→ **EXERCISE DESCRIPTION**
Span requested from the data below: the line with "Conta Premium Ausfile (Oficial) – 90 Dias" through the line with "EcoFlow EcoFlow Delta", both included. Give only these lines again, exactly, and leave every picture out.

→ **RECORDS SUPPLIED**
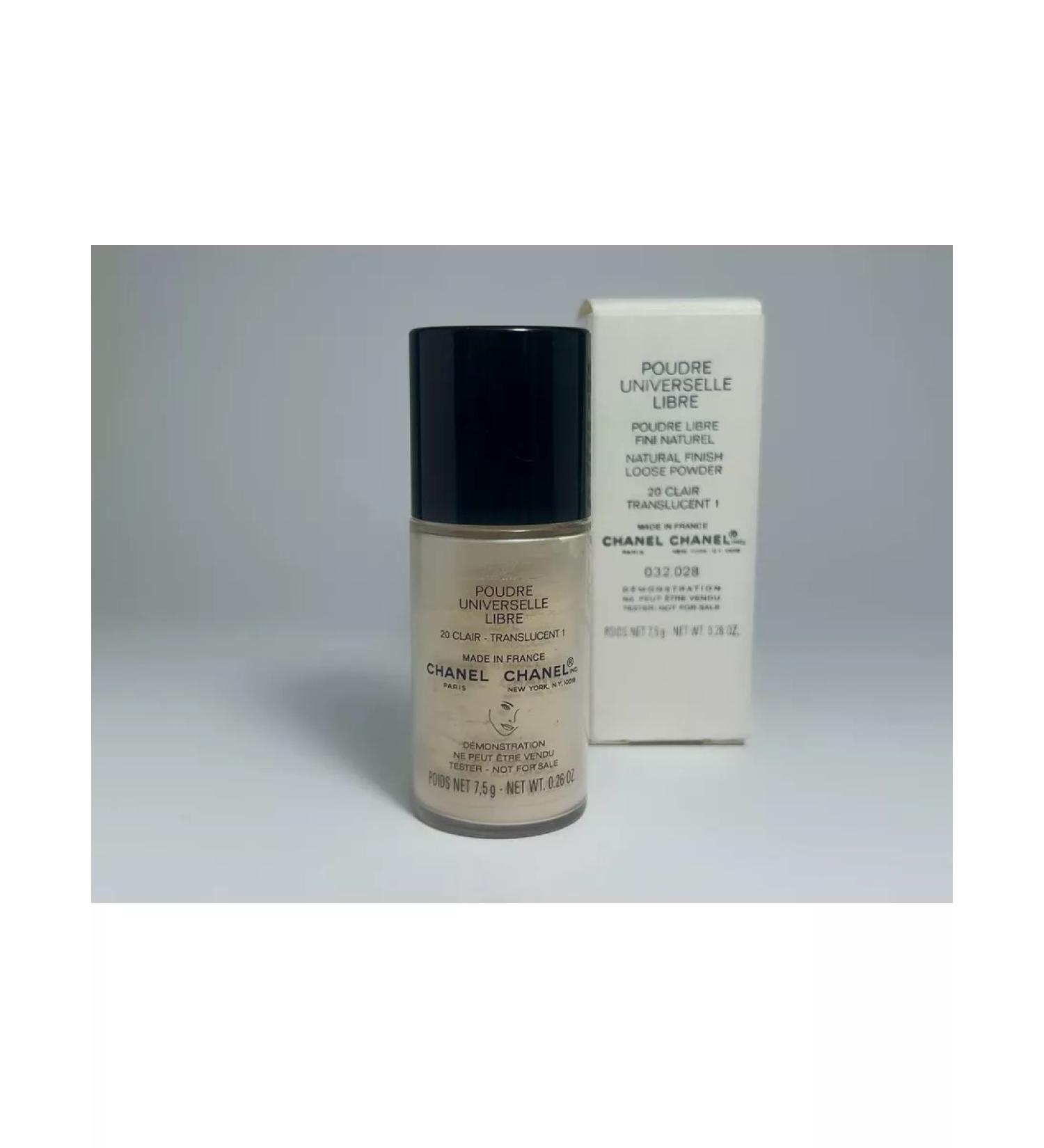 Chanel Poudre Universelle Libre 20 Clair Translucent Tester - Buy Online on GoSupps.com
--
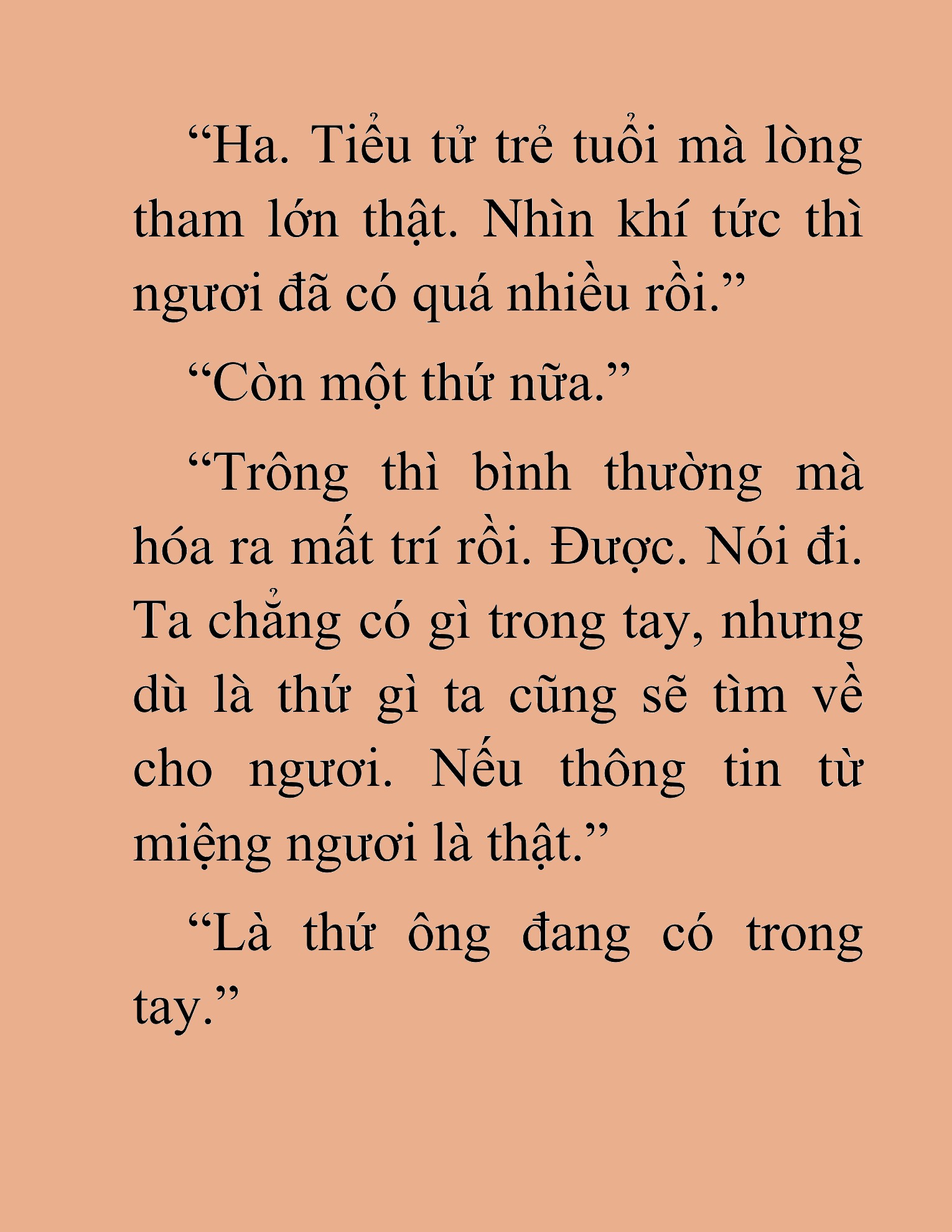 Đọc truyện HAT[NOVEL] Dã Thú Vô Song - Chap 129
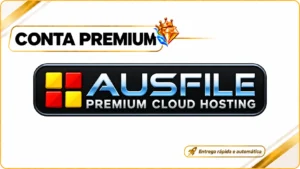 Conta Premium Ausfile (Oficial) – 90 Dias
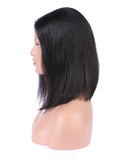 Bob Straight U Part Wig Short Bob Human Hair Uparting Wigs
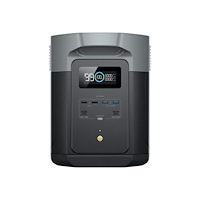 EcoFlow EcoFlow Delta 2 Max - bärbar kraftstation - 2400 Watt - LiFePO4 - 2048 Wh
---
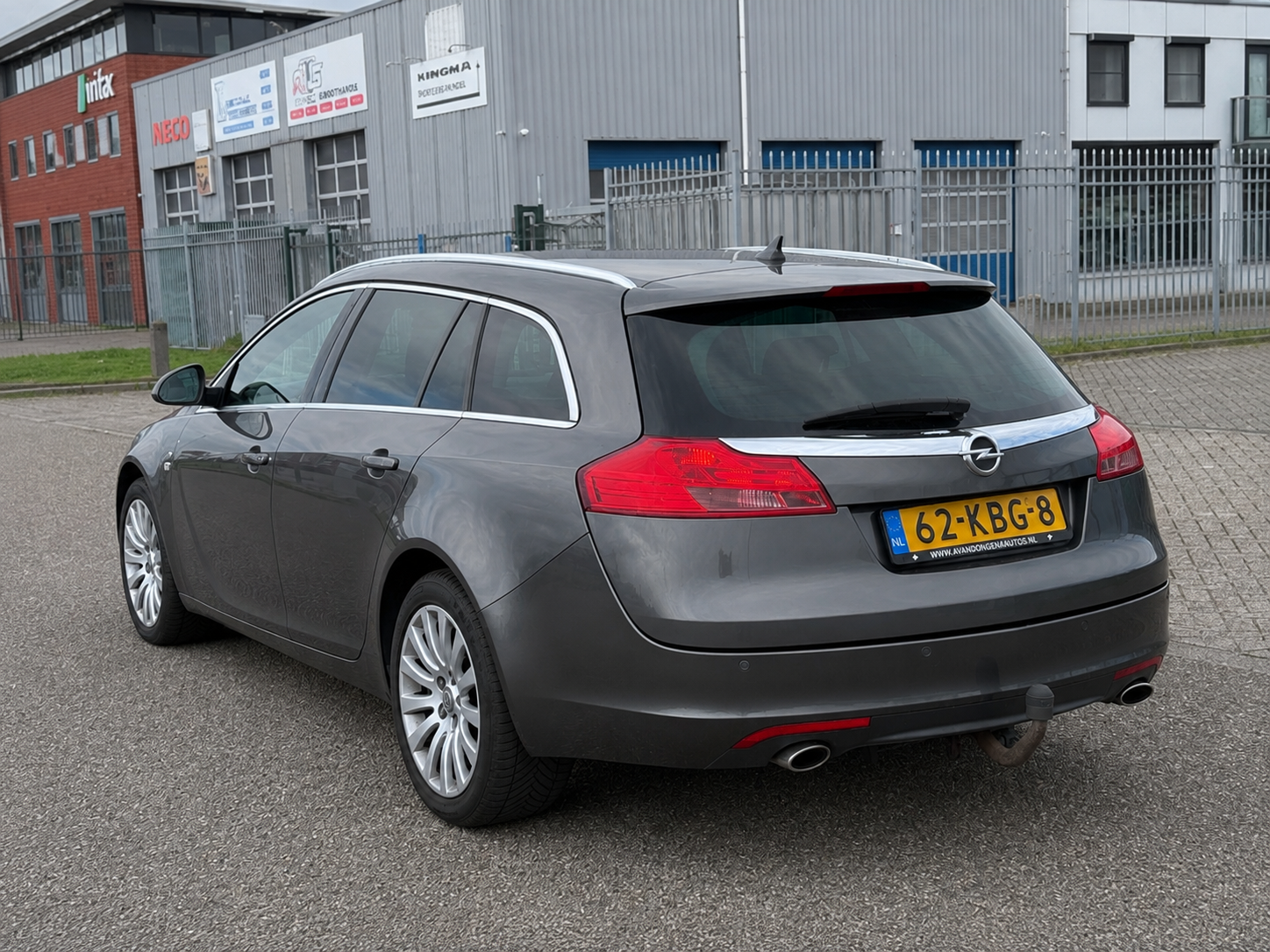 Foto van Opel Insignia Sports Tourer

→ **SOLUTION TO THIS EXERCISE**
 Conta Premium Ausfile (Oficial) – 90 Dias
 Bob Straight U Part Wig Short Bob Human Hair Uparting Wigs
 EcoFlow EcoFlow Delta 2 Max - bärbar kraftstation - 2400 Watt - LiFePO4 - 2048 Wh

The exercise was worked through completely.